Adaptation interventions are temporal in nature, with at least a search for understanding preceding all other pathways. However, understanding is not necessarily acquired in its totality before the performer begins an adaptation process. The rule of thumb, however, is for the performer to seek as much detail about the stress episode and how one might engage in the process when the information is most needed. For example, the elite junior athlete who is drafted to a professional ice hockey, baseball, or football team will encounter several stressors that catalyze an adaptation process. The performer’s understanding of the previously unfamiliar in such circumstances would include the coach’s performance expectations, social norms that build relations with one’s teammates, relocation to a new city and a new sport environment, media demands, fan expectations, and a significant change in financial status. Learning of these new contextual changes and beginning to engage in effective responses that lead to restored ease, the athlete can perform at the optimum. Hence, the process can generally be regarded as the move into, the move through, and the move onward from stress, with adaptation.
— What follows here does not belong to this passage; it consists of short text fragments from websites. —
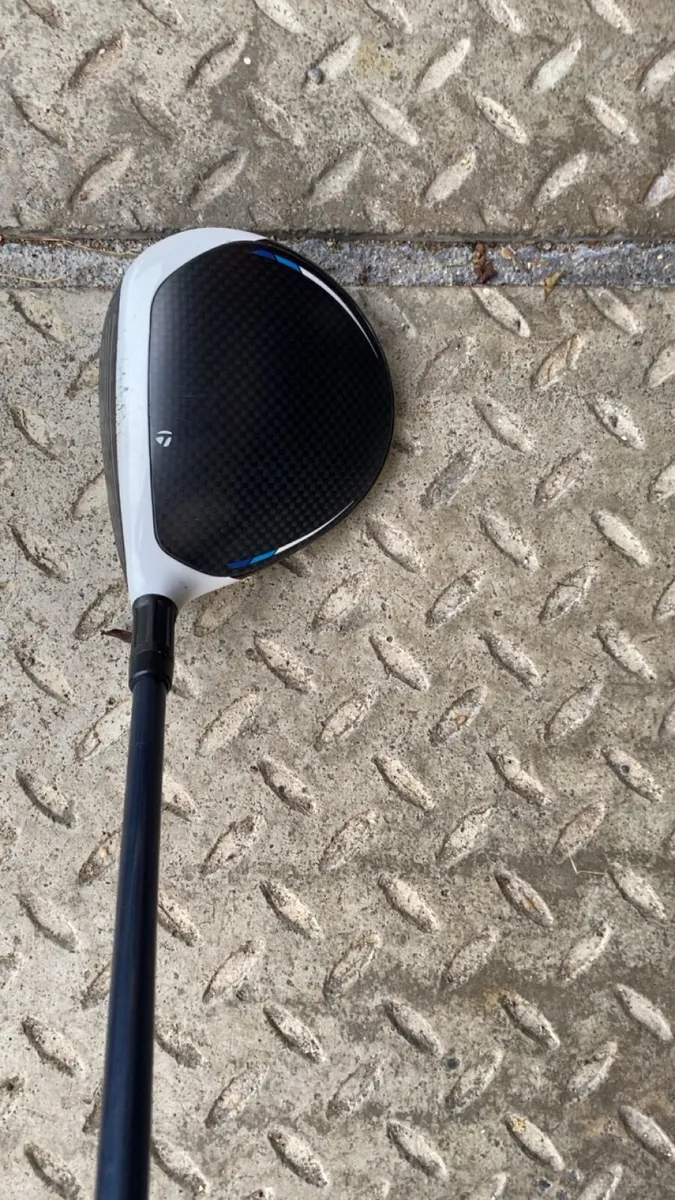 Golf club - Image 1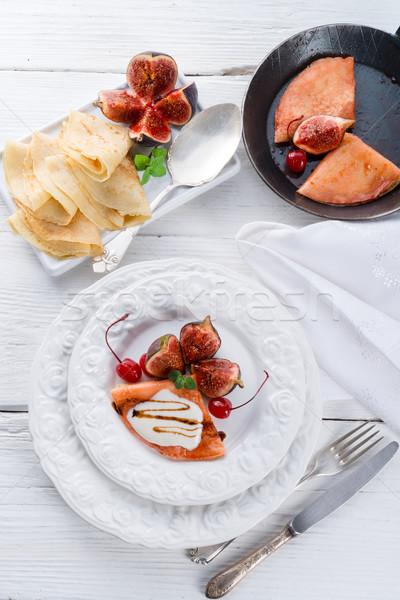 flambiertes pfannkuchen mit feigen und kirschen Stock photo © Dar1930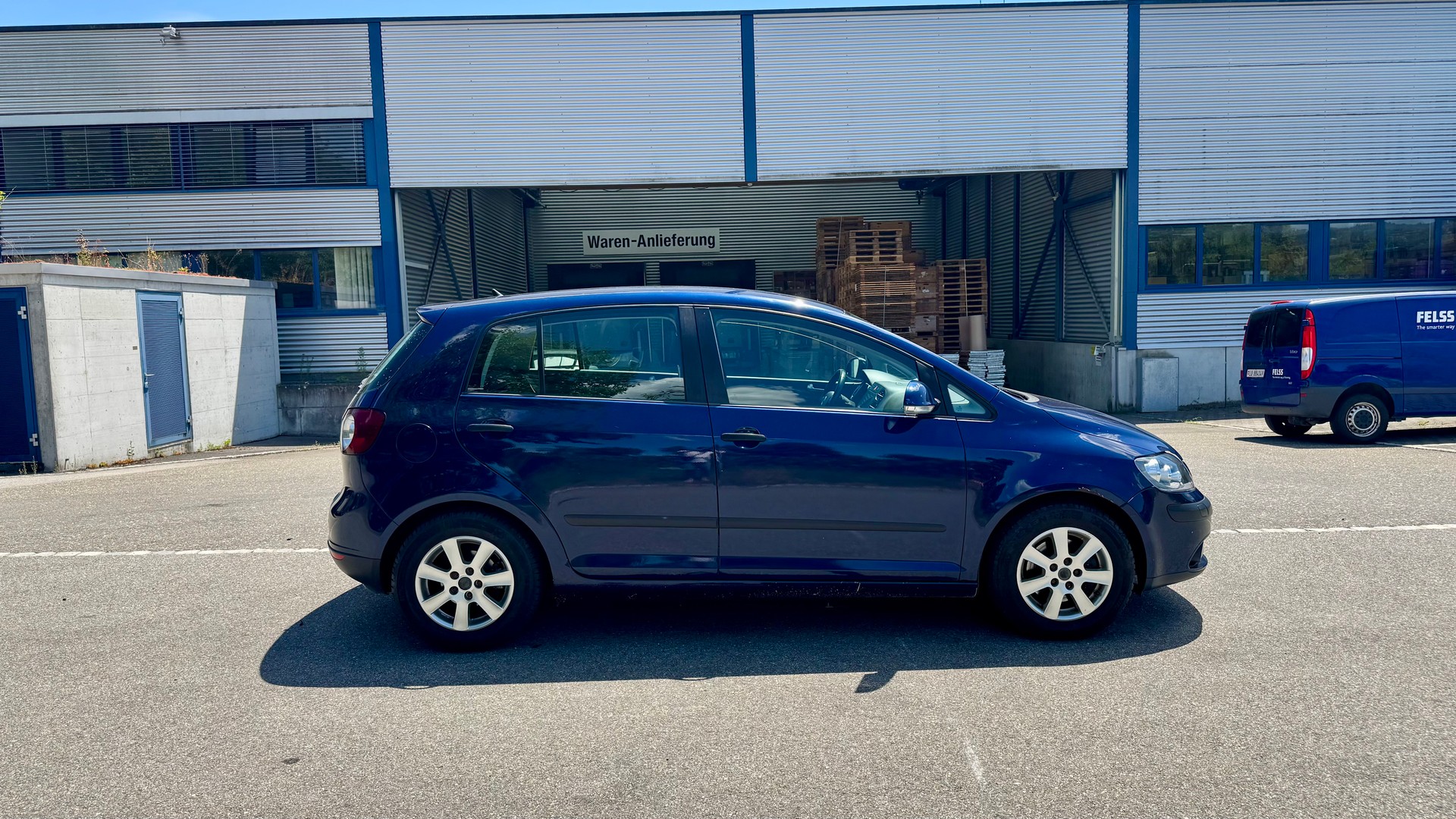 VW Golf Plus 2.0 TDI Sportline-image-8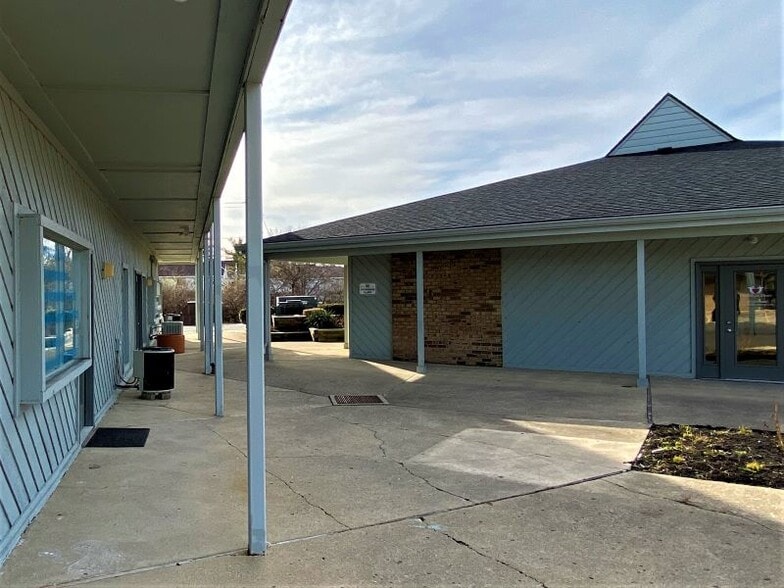 More Photos Of 7370-7372 Kingsgate Way, West Chester Medical For Lease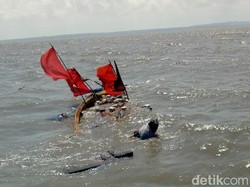 Gelombang Tinggi Efek Gerhana Bulan Tenggelamkan 2 Perahu Nelayan di Surabaya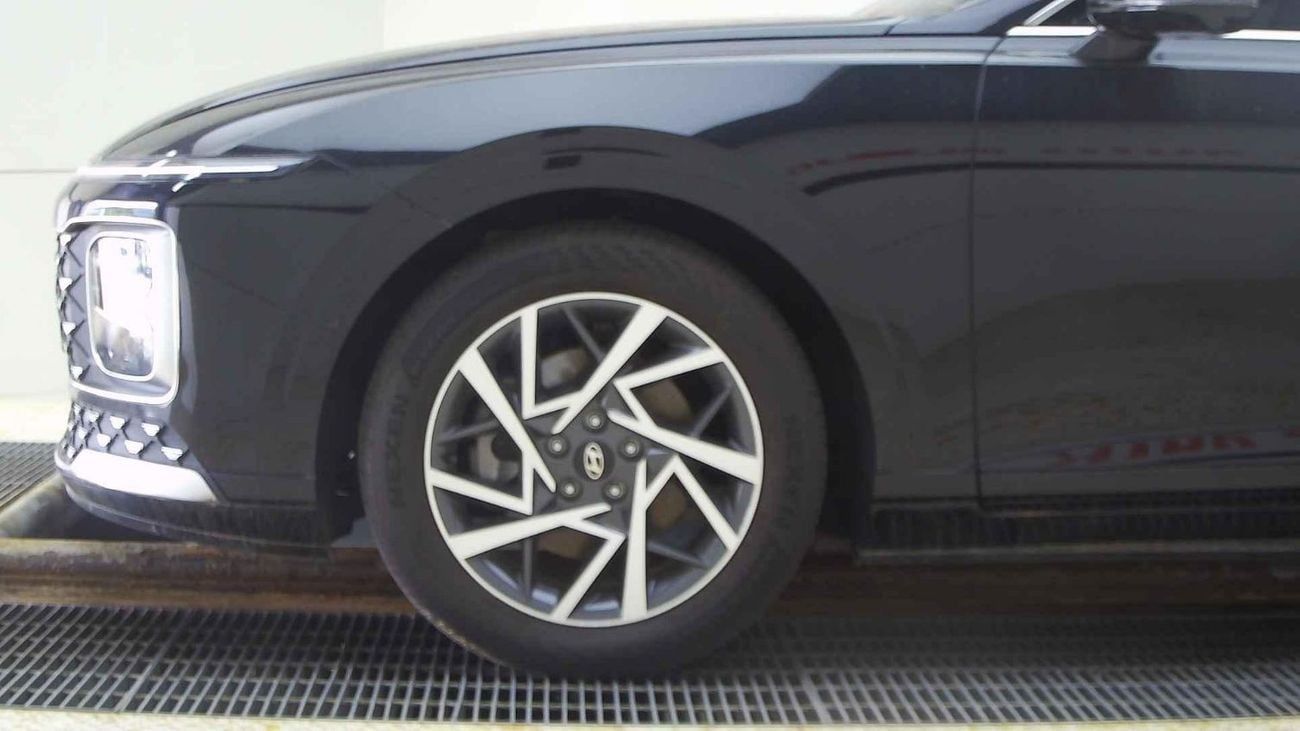 هيونداي أزيرا 2023 HYUNDAI GRANDEUR (AZERA) 2.5CC EXCLUSIVE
There are cases when performers maladapt, meaning they engage in an incorrect psychological process that manifests in rumination, apathy, or ego-protective thinking. It is human tendency to seek understanding throughout the adaptation process. However, how one chooses to view the stressor, via personal reflections and social support resources, will help determine whether the stress episode is resolved and the performer reestablishes psychological balance. There are, indeed, cases where an athlete’s best performances are early in the career, with results waning at the juncture when the athlete should be performing at potential. When athletes encounter barriers during formative points in their athletic careers and there is incomplete or inaccurate understanding as a pattern, the athletes engage in negative contemplation and impede their own career development. The objective is for athletes and those who work with them to identify the barriers to performance in advance of the challenge, take only as much time and effort as is necessary to resolve the stress episode, and then reengage with correctly chosen personal and social support strategies. With the process of adaptation accomplished, the athlete gains (or regains) efficacy in personal abilities to resolve stress episodes in advance of further—inevitable—challenges.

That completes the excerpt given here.